Pas à Job. Le lecteur voit un défi soulevé dans un conseil céleste aux chapitres 1–2, mais on n'en dit jamais rien à Job, et les discours divins des chapitres 38–41 répondent par des questions sur le monde créé au lieu d'une explication. Le livre rétablit Job à la fin sans lui donner de raison.

Les amis de Job avaient-ils raison ?

En 42:7 Dieu dit à Éliphaz que lui et ses deux amis n'ont pas parlé de lui comme il convient, à la différence de Job. C'est le verdict du livre lui-même sur leur discours. Ce qu'il ne dit pas, c'est à quelles paroles de Job il se réfère, et les lecteurs divergent : sa protestation, son interpellation directe de Dieu, ou sa réponse finale de 42:1–6 ?

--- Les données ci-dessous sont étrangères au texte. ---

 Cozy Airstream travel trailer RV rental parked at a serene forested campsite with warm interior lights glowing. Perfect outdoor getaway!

Qui a écrit Job, et quand ?

Personne ne le sait. Le livre ne nomme aucun auteur et n'offre aucun événement datable. La discussion talmudique de Bava Batra conserve plusieurs opinions incompatibles — dont celle selon laquelle Job n'a jamais existé et le livre est une parabole — et les propositions modernes couvrent plusieurs siècles. Cet atlas traite les deux questions comme ouvertes.

Job 19:25 prouve-t-il la résurrection corporelle ?

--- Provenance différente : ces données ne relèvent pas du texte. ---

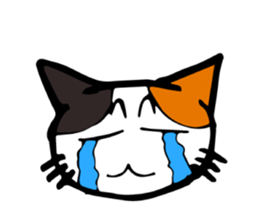 The green eyed calico cat Mocha English sticker #11804204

Ce n'est pas un texte de preuve. Job affirme qu'un vengeur est vivant et qu'il espère voir par lui-même ; qui est ce vengeur, et si la vision a lieu avant ou après la mort, c'est précisément ce que le passage laisse ouvert. L'hébreu du verset 26 est particulièrement difficile, et le même livre dit en 14:12 que l'homme se couche et ne se relève pas. La lecture de la résurrection corporelle a une histoire longue et réelle dans la dévotion chrétienne, et cet atlas la consigne comme interprétation traditionnelle aux côtés de quatre autres.

Que sont Béhémoth et Léviathan ?

Le texte les nomme, les décrit longuement et ne dit jamais ce qu'ils sont — c'est pourquoi les versions standard translittèrent au lieu de traduire. Les lecteurs y ont vu des animaux réels, des créatures de puissance primordiale, une hyperbole poétique et des symboles de forces que Dieu seul maîtrise. Cet atlas met ces lectures côte à côte et n'attribue aucune identification.

Les discours d'Élihu sont-ils d'origine dans le livre ?

Non résolu. Élihu manque à la liste d'amis de 2:11 et à la réprimande de 42:7–9, personne ne lui répond et son style est souvent décrit comme distinct — d'où la proposition de certains chercheurs que les chapitres 32–37 aient été insérés plus tard. Mais aucun manuscrit conservé de Job n'en est dépourvu, si bien que la proposition repose sur un argument littéraire et non sur une preuve textuelle.